The Nag Hammadi texts found in the Egyptian desert near the village by that name consisted of over 50 texts, which we did not know about before. They would help us to understand the beginnings of Christianity and the development of religion in remarkable new ways. The surviving books, called the Gnostic Gospels, gave the world a compelling and competing story of what happened after Jesus. The texts of the Nag Hammadi library make it very clear that there were many gospels composed in the early days of the church. Four were finally selected for the New Testament canon, but there were plenty of other gospels. What, more than one version of the faith?
As is usual in Christianity the Gnostics said that they were following the teachings of Jesus, and that they were the true Christians, and that the other groups are wrong. The Gnostic message was seductive, being a mix of Greek philosophy, Egyptian religion, and Eastern mysticism. The New Testament Gospels are gospels of the cross and salvation from sin. The New Testament Gospels look to stimulate faith. The Gnostic gospels are gospels of wisdom and salvation from ignorance.
Gnosticism held a fascination for many Christians and its gospels seemed to offer a more female-friendly faith. The Gnostics thought that the role of the female as an image and the role of women within the church should be advanced. God is not only male; God is also female. There are not only male leaders; there are female leaders. There are not only male priests; there are female priests.
The Gnostic gospels seem to attack the very foundation of Orthodox Christianity, telling a different version of the life of Jesus. Mary Magdalene, who was for centuries mistakenly (thanks to Pope Gregory) depicted as a prostitute, is the chief apostle in her own Gnostic gospel, and much more than that to Jesus in the Gnostic gospel of Philip.

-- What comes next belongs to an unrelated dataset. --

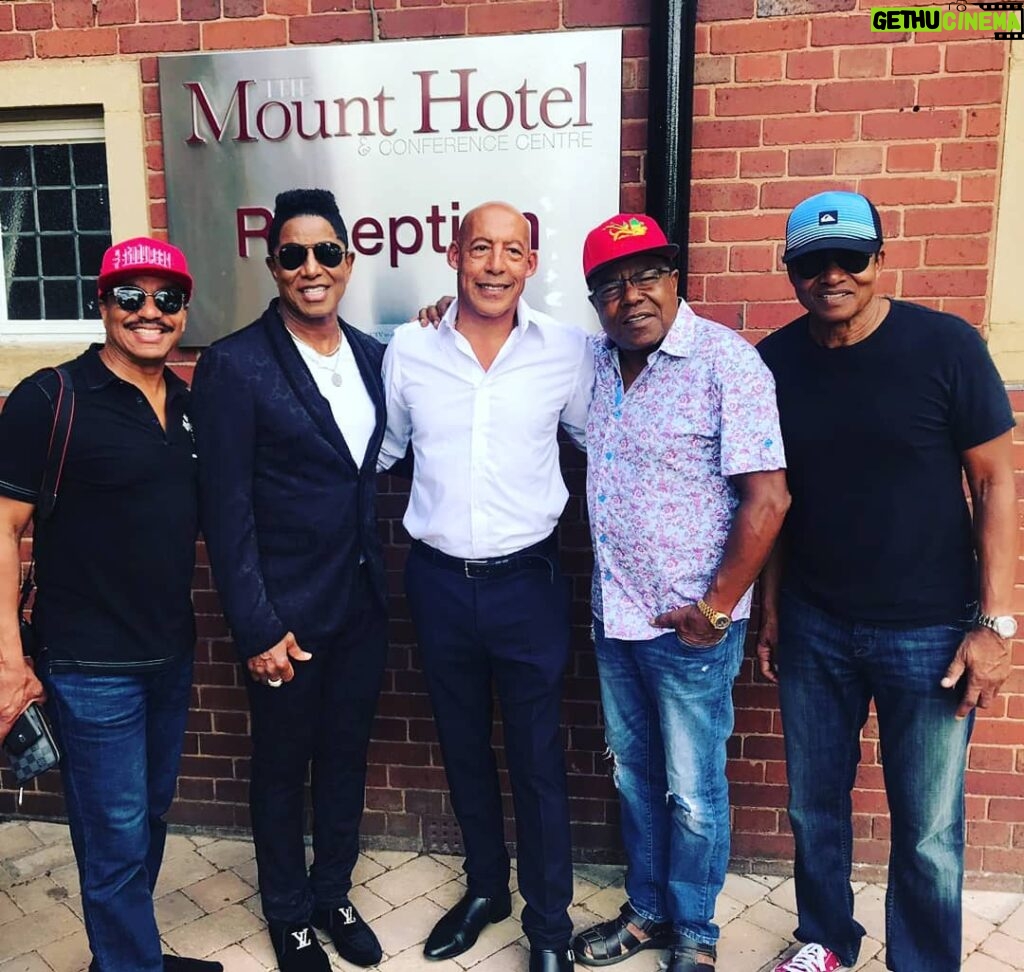 Marlon Jackson Instagram - The brothers and I with Roy Bernard, the investor in the youth center we visit in Wolverhampton England, in front of his hotel in Wolverhampton. #studypeace marlon jackson #bekind carol jackson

In the gospel of Philip, it is said that Jesus loved Mary Magdalene more than all the other disciples and he used to kiss her often on her — and then there is a hole in the text. This says something about the perception in that particular text of the closeness of Jesus and Mary Magdalene. Mary was a very beloved disciple of Jesus, which isn’t really explored in the common Scriptures.
The biggest problem with the Gnostic gospels is that they were written many, many years after the Gospels of Matthew, Mark, Luke and John. For many historians, that much passage of time raises serious questions about authenticity. The Gnostic gospels are documents that came into existence many decades after the actual Gospels were written. Gnosticism, to church leaders of the time was heresy. To survive in these dangerous times, the church had to be united. Over the next two centuries, the sacred Gnostic texts would be suppressed, hidden or destroyed and Orthodox Christianity claimed exclusive authority over the Bible.